The Null Device

2014/2/9

In the Los Angeles suburb of Los Feliz, someone has opened a fake Starbucks outlet labelled “Dumb Starbucks”. The logos, cups, furniture and design are all very close to Starbucks' corporate scheme, with the crucial difference that everything is preceded with the word “dumb”, from the name on the logo to the names of drinks like “Dumb Grande” and even to CD cases on display with titles like “Dumb Jazz Standards” and “Dumb Norah Jones Duets”. The outlet is currently giving away coffee for free to the large numbers of bemused punters queuing outside; a notice in the window asserts that the use of the word “dumb” makes the store a parody, and thus negates trademark law (a somewhat sketchy assertion), and that the store is a real business, though is masquerading as an art gallery for legal reasons.
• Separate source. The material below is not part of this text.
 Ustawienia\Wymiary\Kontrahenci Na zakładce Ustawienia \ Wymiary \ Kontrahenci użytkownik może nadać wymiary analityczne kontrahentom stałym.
It is not clear who is behind Dumb Starbucks; the baristas were hired from ads on Craigslist. The fitting out of the store must have cost a fair bit, and the whole enterprise must have involved considerable organisation for something ephemeral (chances are it'll be gone by the time Starbucks' lawyers get around to dealing with it). Is it some wealthy Discordian using their fortune to freak the mundanes and fill the world with the inexplicable? A (well-funded) performance art project? Banksy's latest happening? A viral campaign for Starbucks themselves? Or (as someone in the MetaFilter thread suggested) some implausibly rich guy who, for some reason, was pissed off at Starbucks throwing money at annoying them in the way that only a narcissist insulated from everyday reality by nigh-unimaginable wealth can? Or some other explanation altogether fnord?